France has been among the most vocal of countries urging intervention in the country it ruled between the First and Second World Wars. After an alleged chemical weapons attack against civilians in a suburb of the country’s capital Damascus last week, President François Hollande vowed that those responsible would be punished, invoking the world’s “responsibility to protect” civilians in a civil war that has claimed tens of thousands of lives since it began more than two years ago.

France intervened unilaterally in its former African colony Mali this year to halt a rebel offensive on the capital city Bamako but lacks the military capacity to do more than launch airstrikes against Syria on its own.

While American president Barack Obama seems intent on doing no more than undertake a punitive expedition against Syria to deter it from deploying chemical weapons again, his surprise announcement on Saturday that he will ask Congress’ approval for a strike mission created “a new situation,” said Valls, which means France has to wait “for the end of this new phase.”

Prime Minister Jean-Marc Ayrault is to discuss with senior lawmakers on Monday how to proceed in Syria.

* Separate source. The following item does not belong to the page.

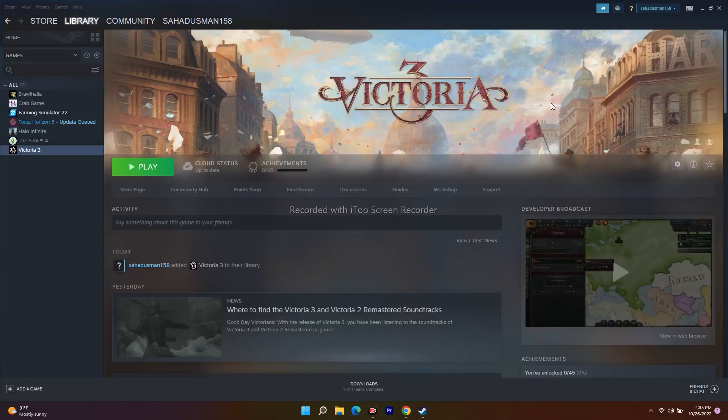Hello guys, welcome back to Good Server Tips. In this video we're going to talk about how to fix Victoria 3 — the game is not launching on Windows 7, or it is not able to download, or it's not launching when you're trying to launch the game, and how you can fix it yourself.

Four American navy ships, capable of launching cruise missiles against Syrian regime targets, are deployed to the Eastern Mediterranean with a fifth to join them soon. France’s anti-aircraft frigate Chevalier Paul left port on Thursday to set sail for the same area. Its Charles de Gaulle aircraft carrier was still at Toulon.

Although newspaper coverage of Hollande’s response to the alleged gas attack was overwhelmingly positive, the French public seems to have grown more skeptical of intervention. Whereas 58 percent said they favored military action against Syria in an Ifop poll two months ago, a BVA survey released on Saturday showed 64 percent opposed.